13.6.12

ESPERANDO AL CARTERO II



Ella... nació mujer. 




La abuela Ana, nació mujer, en una familia formada por cuatro hombres y seis chicas. Por este motivo, por haber nacido hembra, no se le preparó un viaje para buscar fortuna más allá de los límites de la isla de Lanzarote. La pobreza absoluta, agudizada por la sequía que año tras año venía a poner en peligro las cosechas, hacía que el destino de los jóvenes de la familia fuera “hacer la América” y el de las mujeres, mantenerse vírgenes hasta conseguir un marido, cumpliendo así su papel reproductor, gestando hijos e hijas capaces de trabajar la tierra, de dar continuidad a la estirpe.

          Sabía arar y sembrar la tierra, arrancar los cenizos, plantar las papas, las arvejas, separar la hierba buena de la mala, atender y ordeñar las cabras, tostar el millo, hacer el queso... pues no poder viajar hasta América, no significaba en ningún momento estar exenta de un trabajo que era imprescindible para sobrevivir.

         El día en que conoció al que poco más tarde sería su marido, ella creyó que había resuelto su mayor aspiración en la vida: ser la mujer de alguien.
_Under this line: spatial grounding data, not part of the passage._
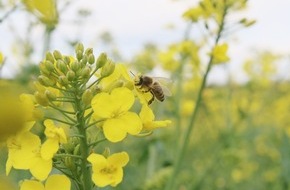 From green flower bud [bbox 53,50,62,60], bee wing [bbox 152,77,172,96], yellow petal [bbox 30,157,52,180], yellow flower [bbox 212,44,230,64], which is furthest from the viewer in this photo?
yellow flower [bbox 212,44,230,64]

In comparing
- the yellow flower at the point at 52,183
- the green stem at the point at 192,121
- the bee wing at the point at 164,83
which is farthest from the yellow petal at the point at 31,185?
the green stem at the point at 192,121

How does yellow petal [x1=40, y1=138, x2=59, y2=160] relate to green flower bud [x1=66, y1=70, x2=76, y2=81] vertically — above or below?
below

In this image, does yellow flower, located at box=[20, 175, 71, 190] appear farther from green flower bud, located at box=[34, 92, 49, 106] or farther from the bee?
the bee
Aquel hombre maduro y guapo que le doblaba la edad, la enamoró perdidamente. Pasó por un noviazgo fugaz de visitas tras el postigo de la casa, con la puerta de por medio, una vez a la semana. El día que se casó, la abuela tenía diecisiete años y una semana. Ni por un momento pensó que él era un hombre despechado, al que la vergüenza de haber sido dejado por su novia de toda la vida, le había obligado a demostrar su hombría buscando inmediatamente una suplente para tal desagravio.

         -Mira por donde, sin el desplante de aquella novia y el despecho de mi abuelo –decía Ana a veces- yo nunca habría nacido. También tuve una vez diecisiete años y pasé por los treinta y seis. Hace mucho tiempo que me he convertido en una mujer madura que alberga un eterno corazón de adolescente y una parte de ingenuidad. Pero creo que de él, de mi abuelo,  no tengo mucho ¿o quizá sí?

Necesitaba redimir la memoria de la abuela, desde el momento en que conoció su verdadera historia, pues pensaba que ella estaba en algún lugar, intemporalmente, y debía saber que todo su esfuerzo no había sido en vano. Sentía correr por sus venas la sangre de aquella mujer valiente,  que pasó mucho tiempo luchando a brazo partido contra el fatalismo en el que poco a poco se fue convirtiendo su vida, para finalmente morir, puesto que lo único que durante mucho tiempo la mantuvo viva fue la esperanza de que su hombre volvería, a rescatarla de aquel abismo, a decirle que no la había olvidado, a abrazarla cálidamente, a ocuparse por un tiempo de todo, para que al fin ella pudiera descansar.

 Pero no fue así, el abuelo, no solo no volvió, sino que el día que por fin dio señales de vida, fue pera reclamar su parte de la herencia –tras la muerte de su mujer- de aquella tierra de veinte fanegadas que se pagó con sudor y sangre -la de la abuela Ana-  empeñada en levantar la hipoteca, aunque le fuera la vida en ello.